Marie-Jeanne Dumont William Ritter et Charles-Édouard Jeanneret se rencontrent en 1910, à Munich où le premier est installé depuis une dizaine d’années et le second de passage pour quelques mois seulement, comme étudiant en architecture. William Ritter a alors 43 ans et une réputation déjà solidement établie de critique musical et de critique d’art d’envergure internationale : grand voyageur, il connait aussi bien les musiciens viennois, les peintres moraves, roumains, suisses ou scandinaves, les intellectuels tchèques, roumains ou slovaques ou encore les hommes de lettres parisiens ; il a fréquenté dans sa jeunesse les cercles wagnériens cosmopolites, écumé les grands musées d’Europe et arpenté les campagnes balkaniques. À Munich, il ne rate aucun concert ni aucun salon artistique et écrit sur tous ses sujets de prédilection, dans les revues d’art de toute l’Europe. Passionné par les pays slaves, il s’attache particulièrement à faire connaître leurs artistes, leur folklore et à soutenir leur réveil culturel. Après avoir été un jeune romancier symboliste dans son pays natal de Neuchâtel, il est devenu un homme de culture européen parmi les mieux informés, ce qu’on appellerait aujourd’hui un « passeur culturel ». Jeanneret, quant à lui, est curieux de tout. Entre l’étudiant avide d’apprendre et l’homme de lettres désireux de transmettre, le courant passe immédiatement et ne s’interrompra jamais. Quelque 250 lettres de part et d’autres, étalées sur plus de 40 ans, témoignent d’une amitié indéfectible, même si leurs échanges épistolaires, évidemment, n’ont pu se maintenir pendant tout ce temps sur les sommets d’intensité qu’ils atteignent dans les premières années de leur relation.
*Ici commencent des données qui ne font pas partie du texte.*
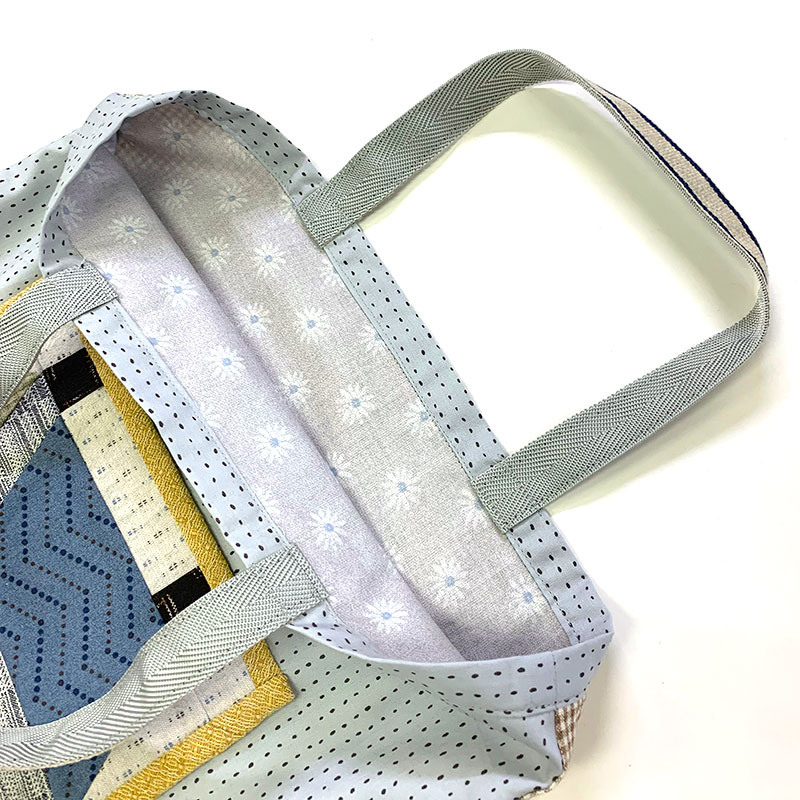 【50%OFF】スクールハウスのバッグ(作り方なし)斉藤謠子のトラディショナル・パターン掲載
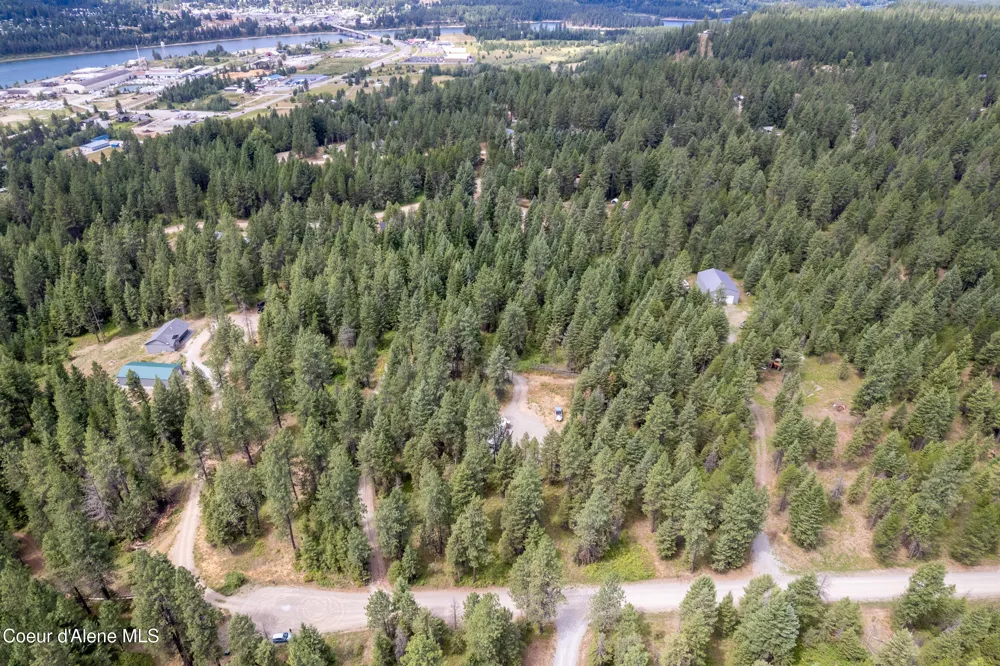 512 Everett Huff Road Oldtown, ID 83822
La correspondance est en effet très importante pendant les dix premières années de leur relation (de 1910 à 1920) ; elle constitue la quasi-totalité du recueil. Puis, de 1921 à 1955, jusqu’à la mort de l’écrivain, le contact perdure, mais les lettres se raréfient. L’élève, devenu un ami depuis longtemps, a pris son envol. Quelques mots sur la formation intellectuelle de Le Corbusier et l’enseignement de William Ritter ?
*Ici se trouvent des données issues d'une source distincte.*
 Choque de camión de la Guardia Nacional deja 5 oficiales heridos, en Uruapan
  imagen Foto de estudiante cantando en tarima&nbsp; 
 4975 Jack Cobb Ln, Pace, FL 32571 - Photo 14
M-J.D. William Ritter, comme André Gide, est un éveilleur d’âmes. Il a un flair infaillible pour détecter les jeunes talents et se met à chaque fois en devoir de les aider à accomplir leur destin artistique. Rien de plus triste à ses yeux qu’un jeune artiste prometteur, qui n’aurait pas tenu ses promesses. Dans le cas de Jeanneret, il sent bien le génie déborder de la conversation et des dessins de son jeune compatriote, mais voit aussi les lacunes de sa culture littéraire. Il lui établit donc un programme de lectures et le persuade que le grand art a besoin d’un soutien théorique qui ne peut passer que par le maniement de concepts. Il lui faut donc apprendre à écrire pour mieux développer et exprimer ses idées et c’est ce que Ritter entreprend à l’occasion du voyage en Orient du jeune architecte, en lui demandant d’envoyer son récit de voyage sous forme de lettres illustrées.
C’est donc un enseignement bien différent de ce qu’avaient pu transmettre au jeune homme ses deux premiers maîtres : Charles L’Eplattenier qui lui avait appris le dessin et l’avait réorienté vers l’architecture ; puis Auguste Perret qui lui avait enseigné la composition architecturale.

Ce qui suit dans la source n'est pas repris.